By Middle East Affairs
France pressured the European Union on Monday to sanction Iran for its involvement in the Syrian civil war and its ballistic missile program, Reuters reports.
U.S. President Donald Trump has threatened to pull the United States out of an international nuclear deal signed in 2015 under former President Barack Obama’s administration. The deal among the U.S., France, Britain, Germany, China, Russia and Iran was meant to curb Iran’s ballistic missile program in return for the lifting of sanctions, which have hurt its economy.
The United States is due to give a fresh relief waiver on May 12 for its sanctions against Iran, but Trump said if other countries in the deal don’t find a way to fix the “flaws” by that date, he will drop out.
In response, France, Britain and Germany have proposed new E.U. sanctions targeting Iran’s support for the Syrian government and Tehran’s ballistic missile program, according to a confidential document seen by Reuters.
French Foreign Minister Jean-Yves Le Drian told reporters on arrival for talks with his E.U. counterparts that they were determined to ensure that the deal was respected.
“But we must not exclude (from consideration) Iran’s responsibility in the proliferation of ballistic missiles and in its very questionable role in the near- and Middle East,” he told reporters on the scene. “That must also be discussed to reach a common position.”
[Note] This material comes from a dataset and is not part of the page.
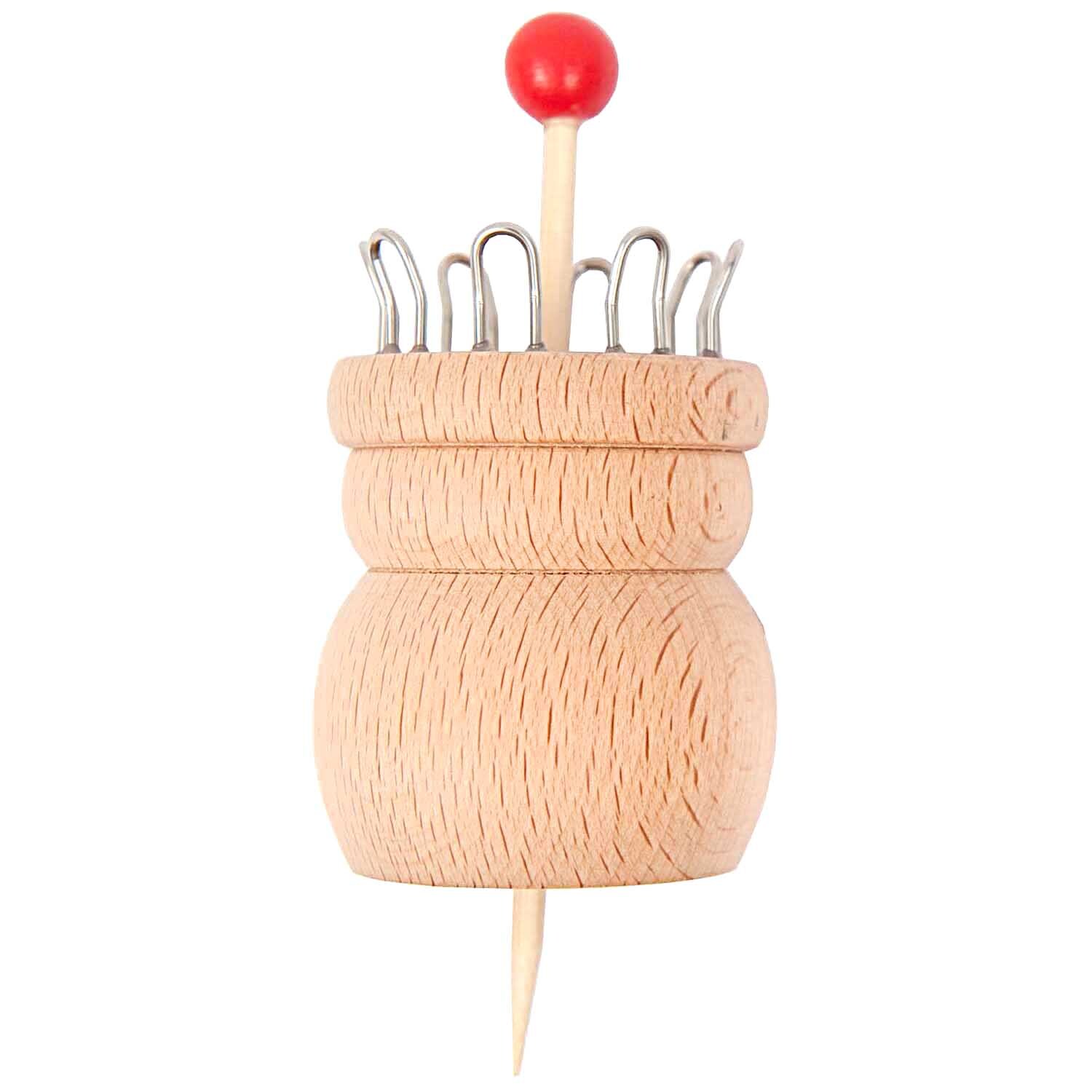 Strickliesel mit 8 Haken aus Holz, rote Kugel oben, ideal für kreative Strickprojekte.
The confidential document cites “transfers of Iranian missiles and missile technology to Syria and allies of Tehran, such as Houthi rebels in Yemen and Lebanon’s Shi’ite Hezbollah,” according to Reuters.
Iran’s foreign ministry said the weapons are purely defensive and could not be negotiated.
“We were hopeful that after his recent visit to Tehran and negotiations with Iranian officials, he would understand the realities of the Islamic Republic’s defense policies,” Bahram Qasemi is quoted as saying in Fars news agency.
New sanctions would need the support of all 28 E.U. member states, but certain countries don’t want to complicate new business ties with Iran. For example, Reuters said Italy and Greece want to rebuild a business relationship that had once made the E.U. a top trading partner of Iran and its second biggest oil customer.